Hagar Olsson Henry Parland

Olsson, Kanaan-ExpressDer Arco Verlag hat sich eine neue Website zugelegt, schön und übersichtlich gestaltet.

Noch nicht in die Rubrik der Neuerscheinungen eingepflegt, und auch nicht über das Personenregister zu finden, sind Hagar Olsson und ihr Roman Im Kanaan-Express (Herbstprogramm 2014, pdf), den ich neulich in einer Buchhandlung aufliegen sah: eine offenkundig hochinteressante Erstveröffentlichung, die sich dem letztjährigen Finnland-Schwerpunkt der Frankfurter Buchmesse verdankt, und natürlich dem Engagement des Verlegers, Christoph Haacker, und der Übersetzerin, Judith Meurer-Bongardt. Diese hat sich übrigens auch wissenschaftlich mit Hagar Olsson beschäftigt:
In ihrer Doktorarbeit Wo Atlantis am Horizont leuchtet oder eine Reise zum Mittelpunkt des Menschen untersuchte sie das utopische Denken in Olssons Schriften. Sehr gut gefiel mir auf Anhieb die (heute) seltene Schrifttype, in der
Im Kanaan-Express gesetzt ist. / mr

Hagar Olsson, Im Kanaan-Express

„Eine Zugfahrt voller Zwischenfälle wird zum Aufbruch. Im Schnellzug von Turku nach Helsinki bricht die Beziehungslosigkeit der Reisenden auf. In der zufälligen Begegnung zwischen einem Autor und einer jungen Frau entzünden sich Wünsche nach ungekannten Wagnissen. Die für ein paar Stunden geteilte Sehnsucht nach einem erfüllteren, ‚echten‘ Leben verwandelt den Turku-Express in den Kanaan-Express, auf rasanter Fahrt in ein vages Traumland der Verheißung, in dem sich exotische Bilder aus Weltmetropolen wie Paris oder Berlin entfalten.
Aber im Rausch von sexueller Freizügigkeit, Alkohol und Drogen drohen die idealistischen Lebensentwürfe zu scheitern. Immer verstörender und unwirklicher erweist sich der Kreis der Hauptpersonen als unglücklich miteinander verstrickt.
Es kommt zu einem spektakulären Todesfall, und der Angeklagte nutzt den Mordprozeß und Medienrummel zu bizarren Botschaften.
Hagar Olsson schildert in ihrem auch formal experimentellen Roman Im Kanaan-Express (1929) die Krisenhaftigkeit der europäischen Moderne.”
(Text: Arco Verlag)

Hagar Olsson (1893–1978) gehörte zu den zentralen Figuren der finnland-schwedischen wie der skandinavischen Moderne, stand mit ihrem Werk jedoch im Schatten prominenter männlicher Kollegen. Ab 1916 Verfasserin von sieben Romanen, darunter Chitambo (1933), von Erzählungen und Dramen, war sie mit ihren Essays Die neue Generation (1925) eine emanzipierte Bahnbrecherin des Modernismus und trat als Kritikerin vehement für die heute berühmte finnlandschwedische Dichterin Edith Södergran (1892–1923) ein.

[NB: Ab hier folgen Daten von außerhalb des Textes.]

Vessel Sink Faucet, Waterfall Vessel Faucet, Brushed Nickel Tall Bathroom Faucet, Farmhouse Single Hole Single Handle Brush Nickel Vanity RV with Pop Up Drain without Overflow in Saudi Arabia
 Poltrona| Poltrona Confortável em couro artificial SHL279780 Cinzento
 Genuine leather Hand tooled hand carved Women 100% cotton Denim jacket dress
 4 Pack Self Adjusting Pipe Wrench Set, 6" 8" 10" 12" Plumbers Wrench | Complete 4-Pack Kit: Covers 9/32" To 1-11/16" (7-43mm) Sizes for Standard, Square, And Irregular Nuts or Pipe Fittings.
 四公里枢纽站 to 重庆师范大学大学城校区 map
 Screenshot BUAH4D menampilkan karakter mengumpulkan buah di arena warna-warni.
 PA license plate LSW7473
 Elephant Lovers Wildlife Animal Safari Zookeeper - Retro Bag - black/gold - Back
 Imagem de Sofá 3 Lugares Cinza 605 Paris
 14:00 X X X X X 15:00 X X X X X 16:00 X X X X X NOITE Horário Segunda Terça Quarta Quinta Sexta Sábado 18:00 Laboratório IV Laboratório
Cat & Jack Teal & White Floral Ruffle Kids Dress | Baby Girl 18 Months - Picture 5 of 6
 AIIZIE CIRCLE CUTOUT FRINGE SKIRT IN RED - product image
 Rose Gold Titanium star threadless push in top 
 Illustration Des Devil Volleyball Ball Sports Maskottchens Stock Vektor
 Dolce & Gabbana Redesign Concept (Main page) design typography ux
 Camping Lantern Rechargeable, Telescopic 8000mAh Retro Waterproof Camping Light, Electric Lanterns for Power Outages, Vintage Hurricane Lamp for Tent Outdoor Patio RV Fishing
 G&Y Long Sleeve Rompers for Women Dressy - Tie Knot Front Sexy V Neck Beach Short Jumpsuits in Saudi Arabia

Hagar Olsson, Im Kanaan-Express. Roman. Aus dem Finnlandschwedischen übersetzt und herausgegeben und mit einem Nachwort und Anmerkungen versehen von Judith Meurer-Bongardt. Deutsche Erstausgabe. 192 Seiten, gebunden, mit s/w-Fotos. 22 x 15 cm.
Arco Verlag, Wuppertal und Wien 2014. 22,00 Euro

Ein weiteres Buch der finnlandschwedischen Literatur, zum Weiterlesen:

Parland, Zerbrochen In der schönen, qualitätvollen Reihe der Winterbücher hat Katharina Wagenbach-Wolff, Verlegerin der Friedenauer Presse, 2007 einen – den einzigen – Roman des jungverstorbenen Henry Parland herausgegeben – Zerbrochen -, der einen merkwürdigen Untertitel hat: „(Über das Entwickeln von Veloxpapier)”.

„In der Literaturgeschichte gibt es immer wieder Entdeckungen zu machen, und dieser kurze Roman aus dem Jahre 1930 ist gewiß eine der überraschendsten.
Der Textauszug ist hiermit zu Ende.